Initially, OTB facilities director Dorfman categorically denied that he ever authorized Gil to submit inflated subcontractor invoices, and said he was unaware that anyone else had done so. Later, when asked whether he agreed to have Gil's costs included in the subcontractor bills, Dorfman hedged: "I don't recall agreeing to that."

OTB facilities director Lozano testified that the only work Gil was asked to do that Lozano considered extra-contractual was to hire an engineering firm to do drawings for one particular OTB office. Lozano instructed Gil to include this sum (approximately $5000) in his hours for his services at that location.

Gil's entire defense was that he was authorized to obtain payment for his extra-contractual work by submitting inflated subcontractor invoices (on which he was then entitled to the 12% materials mark-up), and therefore he did not deceive or defraud OTB. He testified that: [1] a substantial amount of predicate work that (per the Contract) should have been prepared in advance by OTB employees or consultants (including drawings and plans) had not been done; and [2] when he raised the problem with Lozano, who was directly in charge of the renovations, Lozano told Gil, "Listen, I don't have any plans for when this place was built, but ... figure it out, get it done, and make it happen."
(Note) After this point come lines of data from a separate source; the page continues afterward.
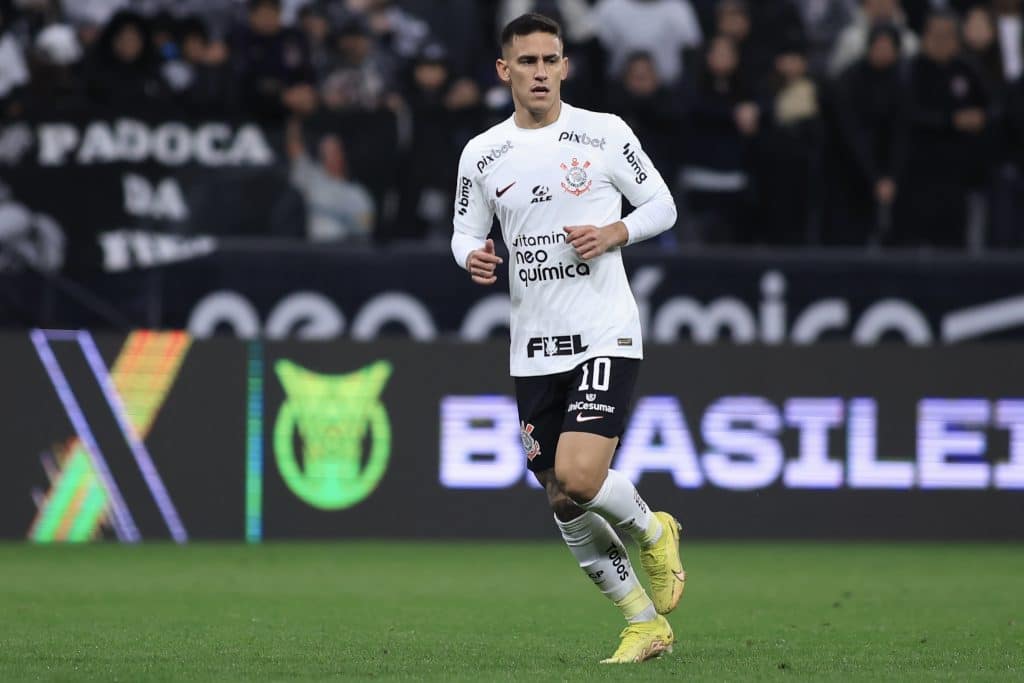 Ele est&aacute; MUITO abaixo: Mano Menezes toma decis&atilde;o IMPACTANTE sobre Mat&iacute;as Rojas no Corinthians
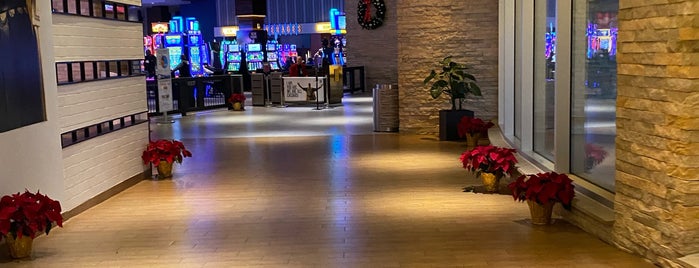 Isle Casino Hotel Bettendorf is one of Aさんのお気に入りスポット.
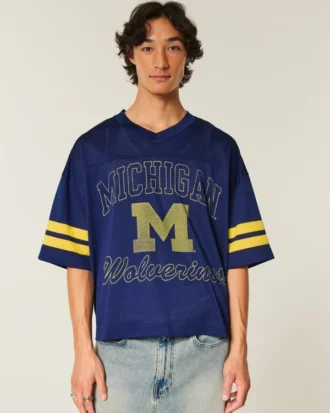 Camisola de futebol americano com gráfico da Universidade de Michigan Wolverines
According to Gil, he reached an agreement with OTB officials to do the extra work, and accordingly prepared architectural or engineering drawings for many of the offices, did designs for sheet-metal fabrication and office layouts, took measurements and made the necessary load calculations and dunnage.3

It is undisputed that Gil submitted at least one invoice to OTB's accounting office for the extra-contractual work, labeled as such, but the invoice was rejected as unauthorized under the Contract. Gil claims that Dorfman and Lozano assured him that though he could not be paid for extra-contractual work under the Contract, "to make life easier we'll...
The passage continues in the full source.